= Pono (word) =

Hawaiian word commonly rendered as "righteousness"

Pono (/haw/) is a Hawaiian word commonly rendered as "righteousness". For instance, the Hawaii state motto: Ua Mau ke Ea o ka ʻĀina i ka Pono or "The sovereignty of the land is perpetuated in righteousness".
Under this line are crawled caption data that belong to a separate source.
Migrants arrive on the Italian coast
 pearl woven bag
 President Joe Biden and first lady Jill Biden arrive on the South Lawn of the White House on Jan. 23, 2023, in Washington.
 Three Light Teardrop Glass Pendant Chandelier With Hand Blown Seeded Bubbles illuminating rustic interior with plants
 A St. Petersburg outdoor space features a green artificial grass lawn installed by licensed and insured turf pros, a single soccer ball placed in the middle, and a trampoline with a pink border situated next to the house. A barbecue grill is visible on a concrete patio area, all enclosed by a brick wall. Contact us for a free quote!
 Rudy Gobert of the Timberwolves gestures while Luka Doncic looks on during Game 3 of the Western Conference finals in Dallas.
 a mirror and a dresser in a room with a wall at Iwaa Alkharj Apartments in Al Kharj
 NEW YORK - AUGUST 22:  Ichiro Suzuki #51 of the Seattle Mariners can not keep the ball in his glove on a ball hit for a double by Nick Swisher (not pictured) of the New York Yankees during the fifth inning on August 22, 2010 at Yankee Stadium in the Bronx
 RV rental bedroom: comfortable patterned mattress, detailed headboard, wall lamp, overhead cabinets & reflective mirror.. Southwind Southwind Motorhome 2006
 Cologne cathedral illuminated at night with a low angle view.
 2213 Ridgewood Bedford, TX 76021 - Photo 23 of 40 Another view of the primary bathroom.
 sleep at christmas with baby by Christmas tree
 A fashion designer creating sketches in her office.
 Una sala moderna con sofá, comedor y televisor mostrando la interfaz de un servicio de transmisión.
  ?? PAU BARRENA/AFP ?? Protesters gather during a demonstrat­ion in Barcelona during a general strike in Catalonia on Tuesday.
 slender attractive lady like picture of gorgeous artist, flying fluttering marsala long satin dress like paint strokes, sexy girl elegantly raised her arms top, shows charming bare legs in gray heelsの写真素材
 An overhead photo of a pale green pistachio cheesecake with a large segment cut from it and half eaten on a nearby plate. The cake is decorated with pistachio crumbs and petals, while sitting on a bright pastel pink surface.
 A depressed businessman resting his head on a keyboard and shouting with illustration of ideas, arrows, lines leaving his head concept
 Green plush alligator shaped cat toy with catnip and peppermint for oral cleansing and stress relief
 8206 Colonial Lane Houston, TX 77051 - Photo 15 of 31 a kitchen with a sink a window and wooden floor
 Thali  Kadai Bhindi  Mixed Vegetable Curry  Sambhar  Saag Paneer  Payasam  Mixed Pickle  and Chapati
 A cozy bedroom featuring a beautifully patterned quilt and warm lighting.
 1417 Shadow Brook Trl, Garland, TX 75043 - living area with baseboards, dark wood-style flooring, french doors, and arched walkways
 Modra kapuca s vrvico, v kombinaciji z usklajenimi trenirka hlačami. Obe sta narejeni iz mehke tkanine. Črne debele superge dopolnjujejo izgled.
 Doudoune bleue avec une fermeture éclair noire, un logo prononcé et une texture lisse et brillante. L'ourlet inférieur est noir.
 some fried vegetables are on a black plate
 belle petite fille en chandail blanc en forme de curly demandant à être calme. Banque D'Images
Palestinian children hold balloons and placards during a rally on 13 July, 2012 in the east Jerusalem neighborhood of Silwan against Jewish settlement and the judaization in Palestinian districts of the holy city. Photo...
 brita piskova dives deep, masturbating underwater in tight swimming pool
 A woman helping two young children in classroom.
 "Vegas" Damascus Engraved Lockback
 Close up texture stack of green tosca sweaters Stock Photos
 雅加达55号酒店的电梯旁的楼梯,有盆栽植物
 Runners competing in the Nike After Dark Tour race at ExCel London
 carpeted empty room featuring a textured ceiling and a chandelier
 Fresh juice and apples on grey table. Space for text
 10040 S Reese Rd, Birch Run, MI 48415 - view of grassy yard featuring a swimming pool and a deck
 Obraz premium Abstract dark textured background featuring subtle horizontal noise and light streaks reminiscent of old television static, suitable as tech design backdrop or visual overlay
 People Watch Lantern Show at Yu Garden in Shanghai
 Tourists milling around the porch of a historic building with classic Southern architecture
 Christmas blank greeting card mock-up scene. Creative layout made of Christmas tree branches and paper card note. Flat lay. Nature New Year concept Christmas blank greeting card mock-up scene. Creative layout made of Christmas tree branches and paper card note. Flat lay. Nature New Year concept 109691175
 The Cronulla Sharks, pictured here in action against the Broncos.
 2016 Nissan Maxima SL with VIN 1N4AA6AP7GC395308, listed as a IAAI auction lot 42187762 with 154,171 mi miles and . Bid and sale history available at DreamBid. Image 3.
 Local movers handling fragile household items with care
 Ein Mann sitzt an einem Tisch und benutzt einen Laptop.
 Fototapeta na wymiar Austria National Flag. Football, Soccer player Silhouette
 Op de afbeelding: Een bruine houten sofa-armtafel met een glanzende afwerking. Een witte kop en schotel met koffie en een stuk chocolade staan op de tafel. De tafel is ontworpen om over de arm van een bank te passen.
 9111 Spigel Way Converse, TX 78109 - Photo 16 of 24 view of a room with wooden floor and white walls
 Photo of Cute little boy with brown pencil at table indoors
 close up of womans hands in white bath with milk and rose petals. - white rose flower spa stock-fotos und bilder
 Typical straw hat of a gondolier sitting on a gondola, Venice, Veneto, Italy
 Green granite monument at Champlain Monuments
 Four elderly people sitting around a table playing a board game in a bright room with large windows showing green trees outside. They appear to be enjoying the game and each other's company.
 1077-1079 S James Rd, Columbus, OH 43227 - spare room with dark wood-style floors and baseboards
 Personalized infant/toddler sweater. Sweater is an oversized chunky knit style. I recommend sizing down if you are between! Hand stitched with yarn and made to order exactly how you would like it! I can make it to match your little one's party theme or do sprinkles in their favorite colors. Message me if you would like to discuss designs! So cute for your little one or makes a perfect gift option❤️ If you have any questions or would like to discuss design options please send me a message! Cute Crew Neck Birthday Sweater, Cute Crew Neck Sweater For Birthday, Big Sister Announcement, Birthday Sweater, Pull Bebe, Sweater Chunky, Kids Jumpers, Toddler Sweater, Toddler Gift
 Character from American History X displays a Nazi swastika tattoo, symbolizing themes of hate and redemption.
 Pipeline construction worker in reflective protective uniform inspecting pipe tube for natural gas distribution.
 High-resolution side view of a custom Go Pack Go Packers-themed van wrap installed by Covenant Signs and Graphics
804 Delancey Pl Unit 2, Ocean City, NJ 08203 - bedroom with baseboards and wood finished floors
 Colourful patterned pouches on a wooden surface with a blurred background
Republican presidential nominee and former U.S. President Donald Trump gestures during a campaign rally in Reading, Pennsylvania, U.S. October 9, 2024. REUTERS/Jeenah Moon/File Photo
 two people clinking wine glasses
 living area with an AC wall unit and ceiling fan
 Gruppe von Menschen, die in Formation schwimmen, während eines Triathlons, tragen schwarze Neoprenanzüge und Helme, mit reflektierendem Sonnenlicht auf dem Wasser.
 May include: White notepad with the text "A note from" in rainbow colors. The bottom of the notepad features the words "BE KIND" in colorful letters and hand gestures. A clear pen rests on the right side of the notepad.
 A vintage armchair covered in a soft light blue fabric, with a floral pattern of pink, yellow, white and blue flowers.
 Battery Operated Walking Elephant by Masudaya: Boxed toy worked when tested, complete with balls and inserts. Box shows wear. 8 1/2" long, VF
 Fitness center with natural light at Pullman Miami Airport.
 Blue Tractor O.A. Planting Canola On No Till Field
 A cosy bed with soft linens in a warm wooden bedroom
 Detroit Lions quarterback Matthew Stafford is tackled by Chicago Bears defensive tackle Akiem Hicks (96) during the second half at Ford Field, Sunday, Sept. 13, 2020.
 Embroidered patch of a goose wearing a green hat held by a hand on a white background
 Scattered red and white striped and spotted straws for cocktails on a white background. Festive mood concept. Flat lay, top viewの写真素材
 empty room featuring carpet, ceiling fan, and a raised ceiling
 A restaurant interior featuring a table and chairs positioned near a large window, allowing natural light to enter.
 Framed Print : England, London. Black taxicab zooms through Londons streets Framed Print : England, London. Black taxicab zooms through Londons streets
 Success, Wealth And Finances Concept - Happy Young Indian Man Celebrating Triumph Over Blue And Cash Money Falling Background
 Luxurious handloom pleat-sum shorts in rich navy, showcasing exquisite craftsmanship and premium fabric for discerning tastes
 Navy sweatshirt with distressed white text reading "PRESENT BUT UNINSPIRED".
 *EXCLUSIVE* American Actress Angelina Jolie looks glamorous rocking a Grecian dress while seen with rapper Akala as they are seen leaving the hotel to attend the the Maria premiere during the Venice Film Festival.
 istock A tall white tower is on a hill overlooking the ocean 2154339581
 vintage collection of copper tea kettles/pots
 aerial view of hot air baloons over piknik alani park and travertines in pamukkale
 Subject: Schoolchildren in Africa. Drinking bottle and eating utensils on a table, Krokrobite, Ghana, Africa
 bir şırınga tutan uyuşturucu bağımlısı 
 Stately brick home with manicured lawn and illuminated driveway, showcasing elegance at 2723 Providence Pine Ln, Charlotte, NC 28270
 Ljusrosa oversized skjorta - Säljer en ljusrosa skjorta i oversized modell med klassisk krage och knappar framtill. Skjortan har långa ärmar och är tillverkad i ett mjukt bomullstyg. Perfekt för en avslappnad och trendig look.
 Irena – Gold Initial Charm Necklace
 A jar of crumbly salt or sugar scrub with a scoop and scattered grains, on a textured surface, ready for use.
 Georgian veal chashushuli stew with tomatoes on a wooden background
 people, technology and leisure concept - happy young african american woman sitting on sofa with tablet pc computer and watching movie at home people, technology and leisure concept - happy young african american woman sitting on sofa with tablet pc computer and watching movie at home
Pono is a notably polysemous term. Mary Kawena Pukui's and Samuel Hoyt Elbert's Hawaiian dictionary gives six meanings and 83 English translation equivalents.
1. nvs. Goodness, uprightness, morality, moral qualities, correct or proper procedure, excellence, well-being, prosperity, welfare, benefit, behalf, equity, sake, true condition or nature, duty; moral, fitting, proper, righteous, right, upright, just, virtuous, fair, beneficial, successful, in perfect order, accurate, correct, eased, relieved; should, ought, must, necessary.
2. vs. Completely, properly, rightly, well, exactly, carefully, satisfactorily, much (an intensifier).
3. n. Property, resources, assets, fortune, belongings, equipment, household goods, furniture, gear of any kind, possessions, accessories, necessities.
4. n. Use, purpose, plan.
5. n. Hope.
6. vs. Careless, informal, improper, any kind of (preceding a stem).
Here are some examples of how pono can be used in different contexts:

- Mai pono hana ʻoe, akā e hana pono – Don’t work carelessly; instead, work carefully and correctly.
- Ponoʻai – To eat in any way or anything available; taking potluck.
- Ponohana – To work in any manner that suits oneself.
- Pononō i ka noho – Living in an unstructured or careless way; shiftless.
- Pono lole – Any kind of clothing, without specific selection.

The word has strong cultural and spiritual connotations of "a state of harmony or balance", and is the aim of the Hoʻoponopono practice. Pono is often used as in affirmative prayers, especially within Kanaka Maoli healing arts and the Hawaiian Sovereignty Movement.